Studying this layer with other techniques such as computer simulations is also a huge challenge. Until recently, the small movements within the boundary layer between ice and ocean ensured that accurate modeling of the melting of ice was out of reach.
These two challenges have for a long time impeded attempts to answer the deceptively simple question: “How does the ocean melt the Antarctic ice plates?”
Modeling the micro -scale
Computer simulations of ocean processes are not new.
But it was only recently that simulations of the boundary layer between ice and ocean have become feasible, because the computer sources grow and the costs for using it.
Various research groups around the world have tackled this problem by modeling the ocean flow on micro -scale that supplies heat to the ice to melt.
Researchers are looking for a connection between what the ocean does and how quickly the ice melts. Until now they have not only exposed one relationship, but several, each pointing to a different smelter regime. The ocean conditions (temperature, salt content and the speed of the ocean currents) and the shape of the ice determine which smeltrregime applies.
The shape of the ice cap is crucial because melt water is sweet and lighter than the surrounding ocean. Just as hot air collects at the top of a room, fresh melt water collects in cavities in the lower surface of the ice cap, so that the ice is isolated from the ocean water underneath and the melting is delayed.
With steeply descending ice, the insulating effect is much less. The energetic stream of melt water while rising under steep ice leads to mixing with the warmer ocean water. This increases the melting.
Fast ocean currents have a similar effect, because they transfer heat to the ice.
Robots equipped with Sonar
Recently ocean robots, including autonomous underwater vehicles and tied probes that are used by drilling through the ice, delivered unprecedented amounts of data about the environment under the ice plates.
With the help of sonar and cameras, these robots have unveiled a strange and beautiful ‘Icelandscape’ at the bottom of ice plates.
This ice landscape is made from many different ice elements, ranging from centimeters to kilometers in size. Some, such as steep glacier gaps, are formed by ice breach. Of others, such as dented depression in the ice (often called ‘Sint-Jakobs shells’), stair-shaped ‘terraces’, mussel-shaped ‘create’ and larger basic channels, it is believed that they have been formed by melting processes.
Our new knowledge about melting from computer simulations and robots sheds light on these characteristics and how they arise. The existence of smeltrregimes helps to explain the evolution of terraces with steep walls, or why different characteristics appear in different parts of an ice plate.

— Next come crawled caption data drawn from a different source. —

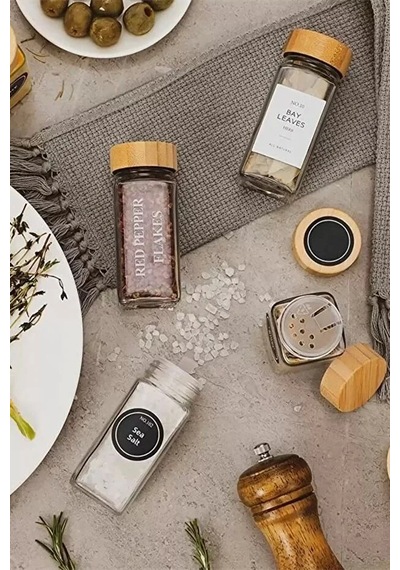 4 Lü Baharatlık Set Stantlı Bambu Kapaklı Etiketli Cam Kare Formlu Baharatlık Takımı Serpme Başlıkl Çok Renkli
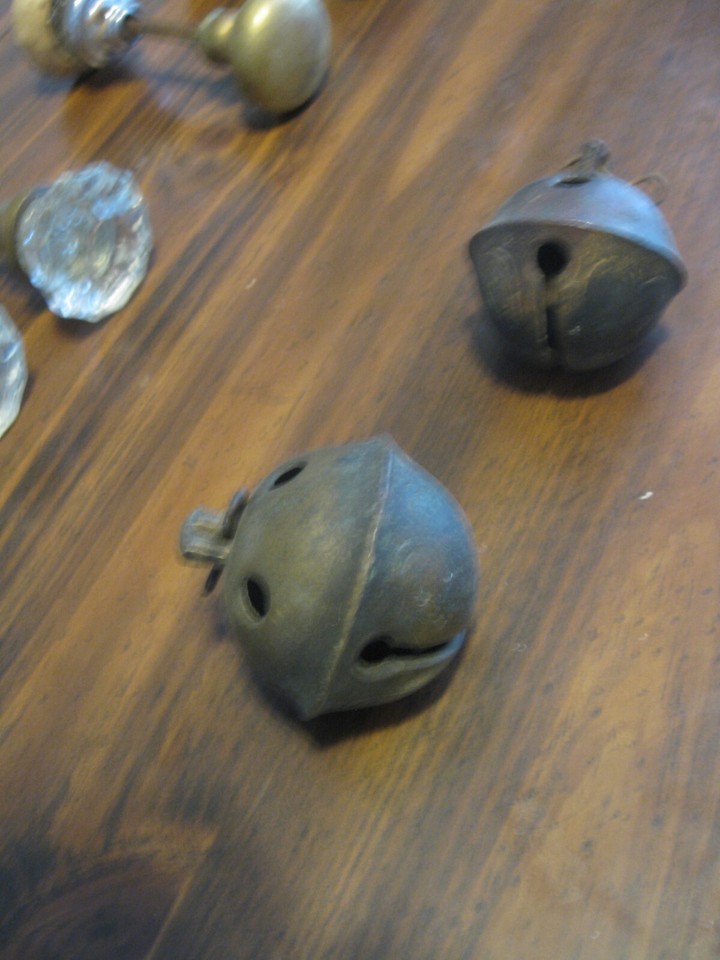 Mix Antique Lot (8) 12Point Glass & (4) Metal Door Handles + (2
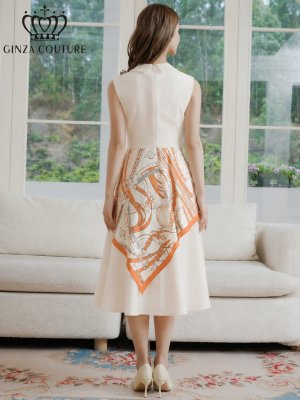 画像3: [送料無料][GINZA COUTURE]ベージュ×オレンジ・チェーン柄・襟付き・スカーフ・ハーフジップ・ノースリーブ・Aライン・フレア・ミディアムドレス・ワンピース[即日発送][大きいサイズあり]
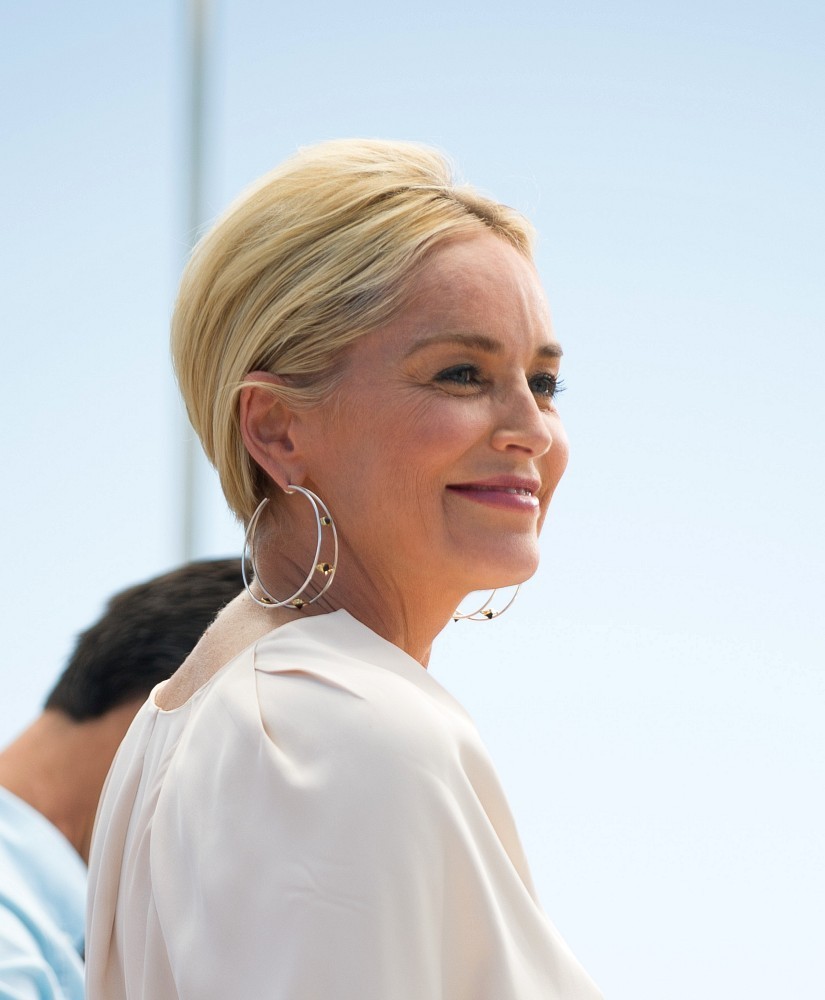 Ad: Sharon+Stone+Sharon+Stone+Stops+Extra+mmkhAe7aEaox.jpg
Gösterim: 265
Boyut: 91.4 KB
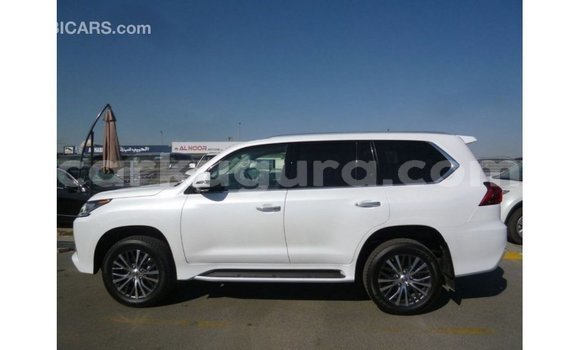 Acheter Import Voiture Lexus LX Blanc à Import - Dubai, Bujumbura Acheter Import Voiture Lexus LX Blanc à Import - Dubai, Bujumbura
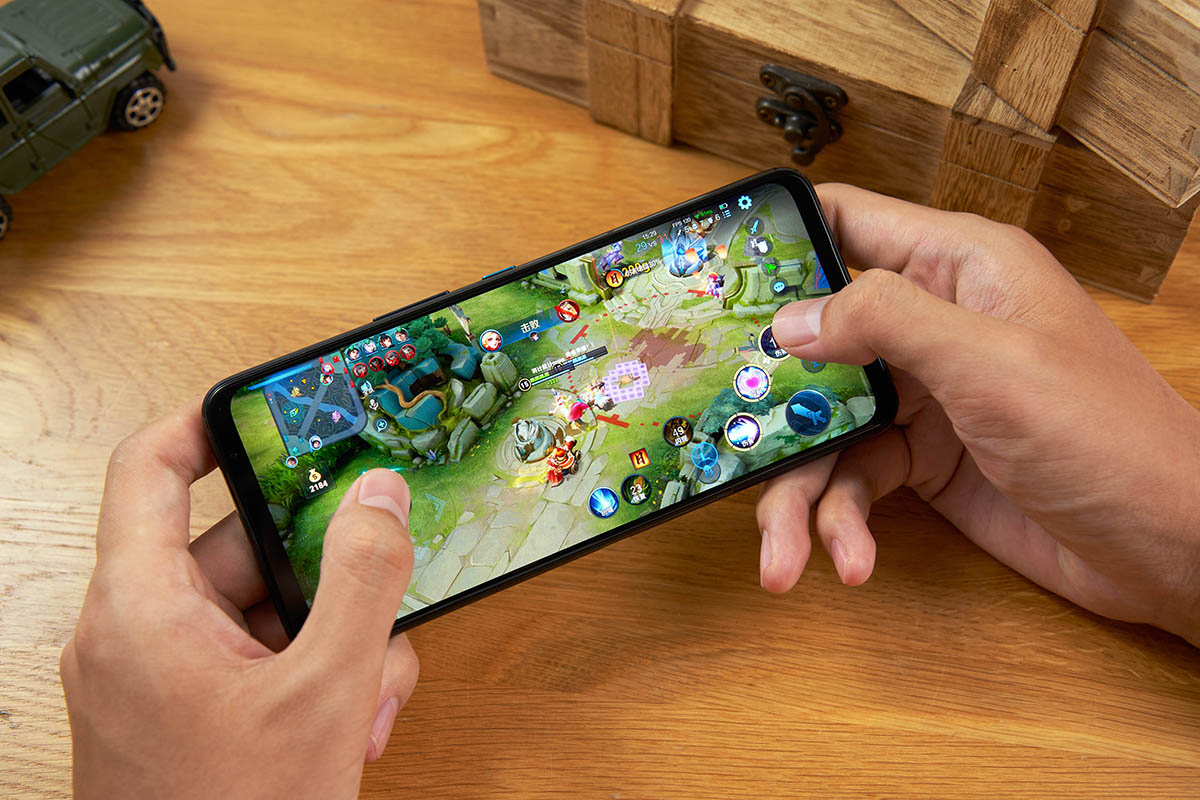 rog游戏手机6天玑版对比骁龙版,打游戏手机推荐排行榜rog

For example, in the warm, quiet eastern part of the Dotson IJsplaat in West Antarctica, an autonomous robot observed basic terraces. In the west of Dotson – where there is cold, fast current – large mussel -shaped creations were discovered.
There are still uncertainties
How some of these characteristics form exactly is still unknown.

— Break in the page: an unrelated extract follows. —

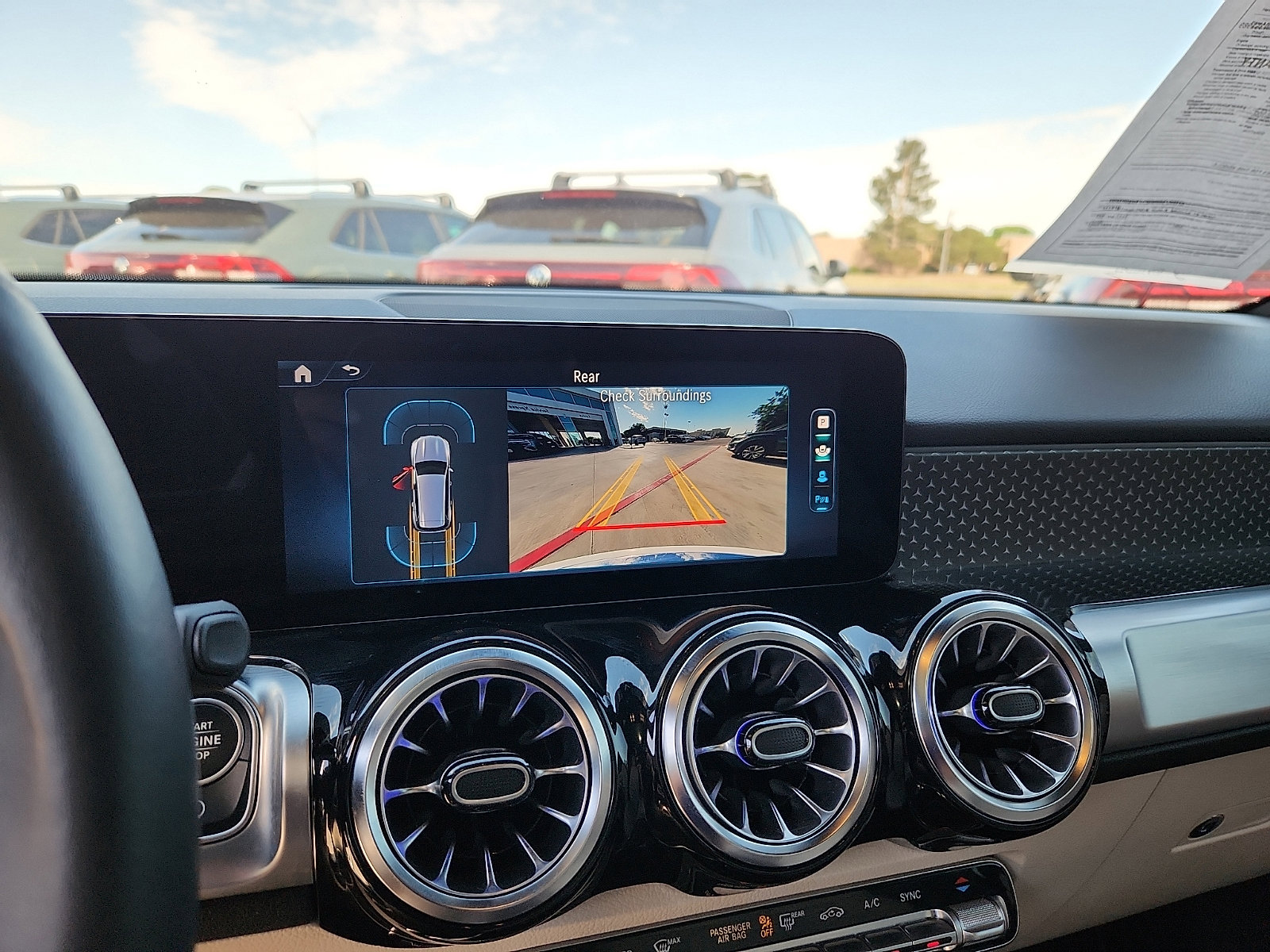 Used 2024 Mercedes-Benz GLB 250 4MATIC image 18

New simulations that make it possible for the ice water limit to move over time, show the ‘self-sculpting’ behavior of melting ice. This is similar to how dunes form and move in a desert.
However, new computer models are needed to simulate the formation and evolution of the entire Icelandscape.
Some of the recent developments that are emphasized here help to reduce uncertainty in our understanding of the Contribution of the Antarctic ice cap to global sea level rise.
However, the recording of our new understanding of basic melting and the dynamic Icelandscape that forms this, in climate and ice roof models, still is still a huge challenge.
Overcoming this challenge is urgent. An accurate representation of melting in climate and ice roof models will reduce the great uncertainty in the projections of the sea level rise, especially as the circumstances in the oceans- and the regimes for melting ice plates- changes in the future.